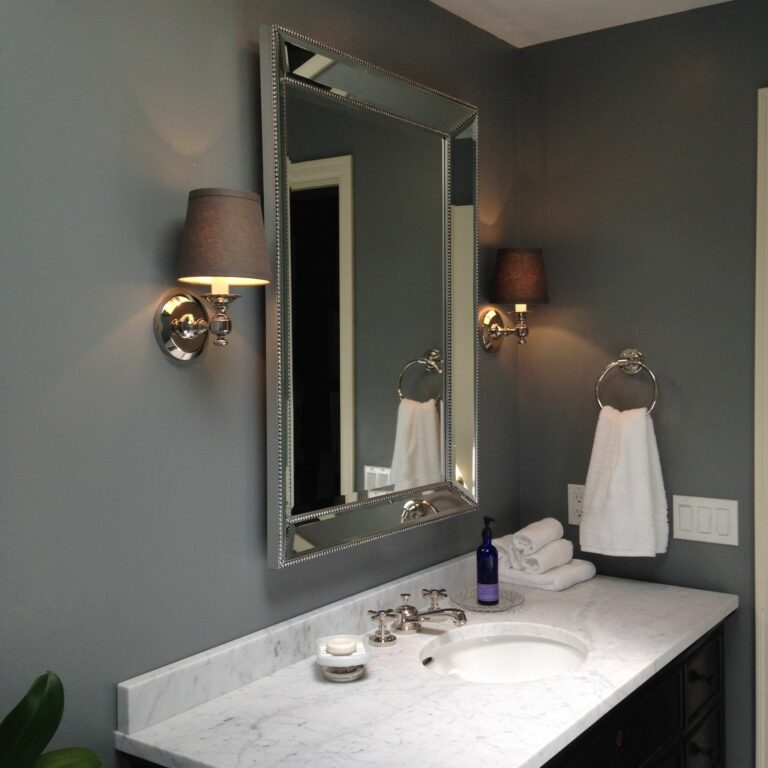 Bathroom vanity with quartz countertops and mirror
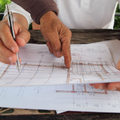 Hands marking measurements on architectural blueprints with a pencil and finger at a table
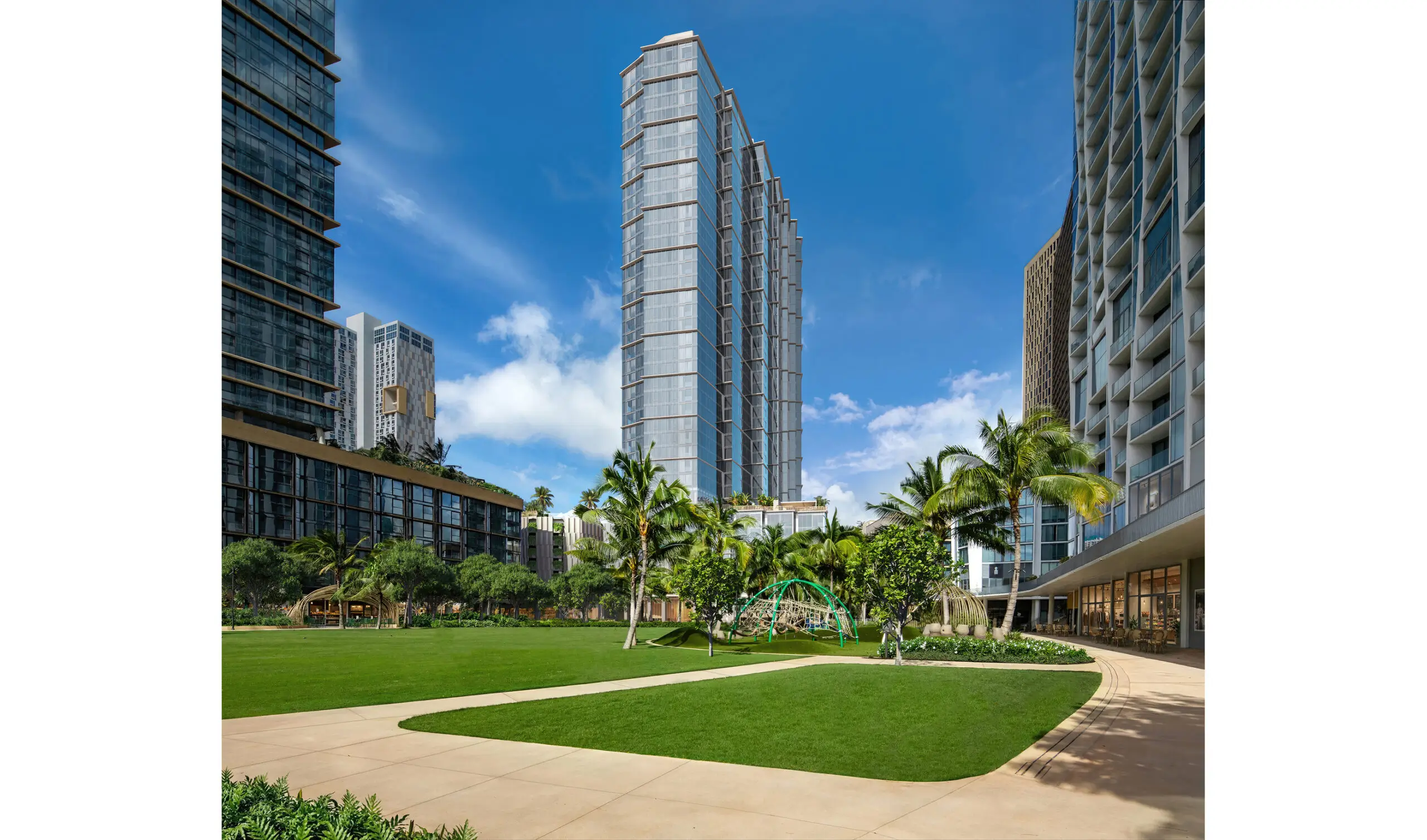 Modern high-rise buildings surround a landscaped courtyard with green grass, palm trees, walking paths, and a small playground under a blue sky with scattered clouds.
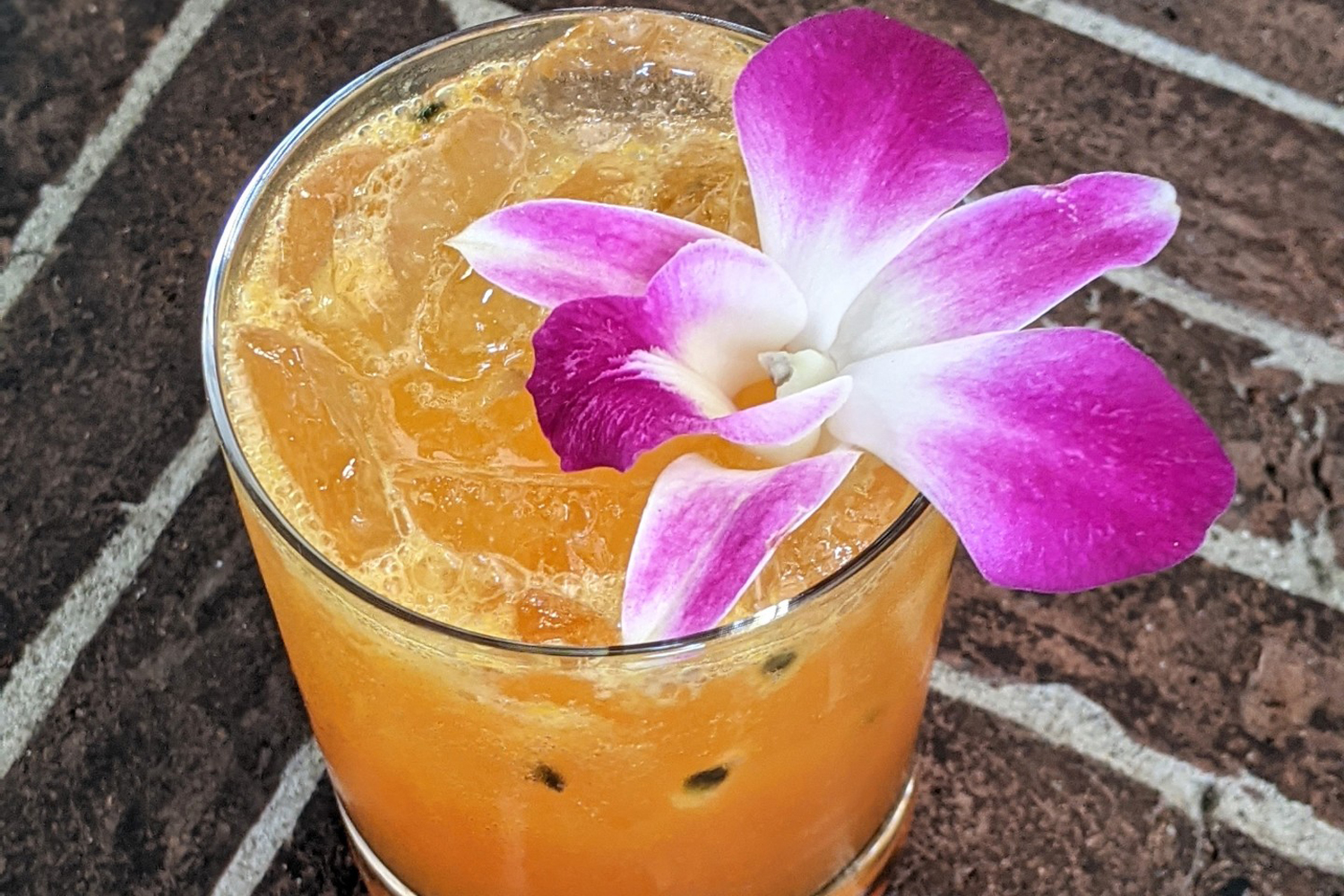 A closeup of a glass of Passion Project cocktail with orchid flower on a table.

_Description of the task_
Take only the lines above from the one that has "Hands marking measurements" through the one that has "Modern high-rise buildings" and reproduce them exactly, omitting any pictures.

_Response for this exercise_
 Hands marking measurements on architectural blueprints with a pencil and finger at a table
 Modern high-rise buildings surround a landscaped courtyard with green grass, palm trees, walking paths, and a small playground under a blue sky with scattered clouds.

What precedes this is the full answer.